--- START ---

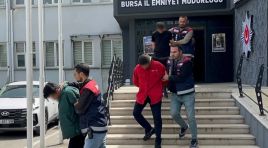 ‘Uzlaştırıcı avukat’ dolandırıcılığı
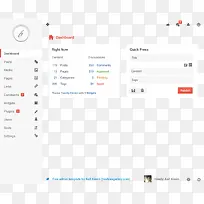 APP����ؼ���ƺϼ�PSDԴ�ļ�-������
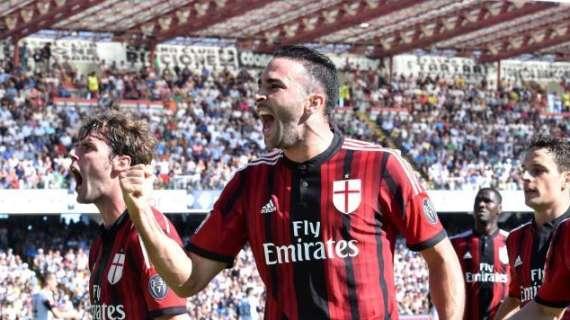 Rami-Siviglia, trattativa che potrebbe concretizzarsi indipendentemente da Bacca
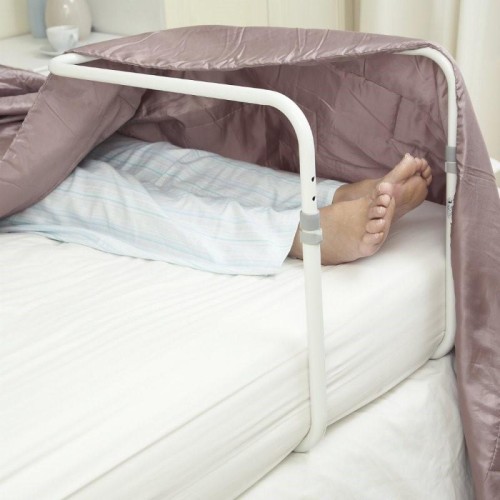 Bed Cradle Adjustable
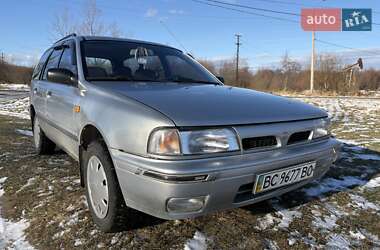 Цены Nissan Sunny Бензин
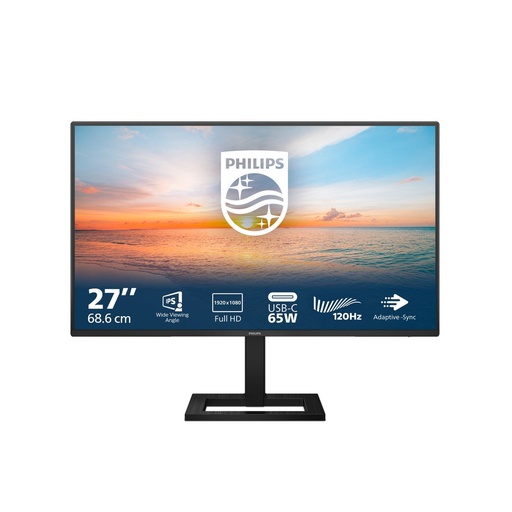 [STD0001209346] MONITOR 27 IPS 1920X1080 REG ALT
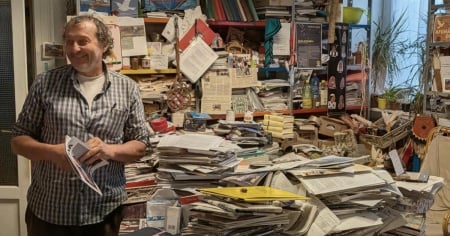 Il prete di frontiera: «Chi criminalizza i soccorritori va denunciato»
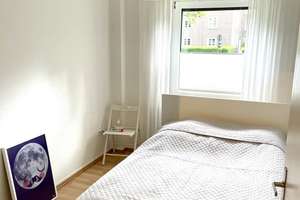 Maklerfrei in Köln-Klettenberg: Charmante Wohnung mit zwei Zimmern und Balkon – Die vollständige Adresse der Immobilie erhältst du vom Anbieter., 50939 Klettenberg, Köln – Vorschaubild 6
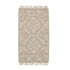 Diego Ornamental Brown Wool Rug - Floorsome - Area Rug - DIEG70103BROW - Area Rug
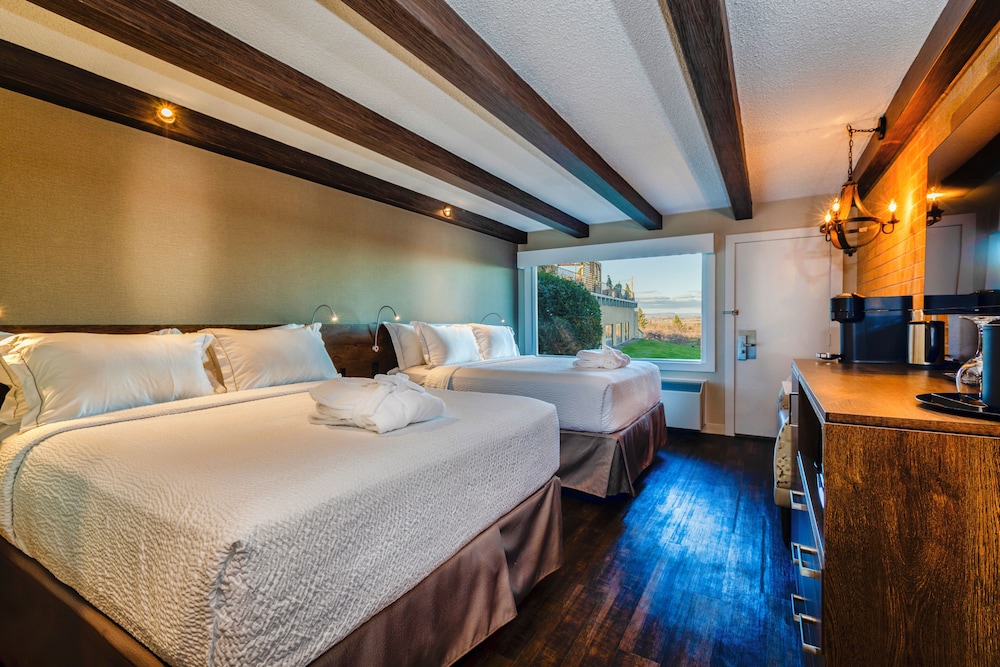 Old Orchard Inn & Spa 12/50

--- END ---

Please set down exactly the lines from the one holding "Bed Cradle Adjustable" through the last line of the entries, both ends included, and skip pictures.

- [RESPONSE TO THE EXERCISE]:
 Bed Cradle Adjustable
 Цены Nissan Sunny Бензин
 [STD0001209346] MONITOR 27 IPS 1920X1080 REG ALT
 Il prete di frontiera: «Chi criminalizza i soccorritori va denunciato»
 Maklerfrei in Köln-Klettenberg: Charmante Wohnung mit zwei Zimmern und Balkon – Die vollständige Adresse der Immobilie erhältst du vom Anbieter., 50939 Klettenberg, Köln – Vorschaubild 6
 Diego Ornamental Brown Wool Rug - Floorsome - Area Rug - DIEG70103BROW - Area Rug
 Old Orchard Inn & Spa 12/50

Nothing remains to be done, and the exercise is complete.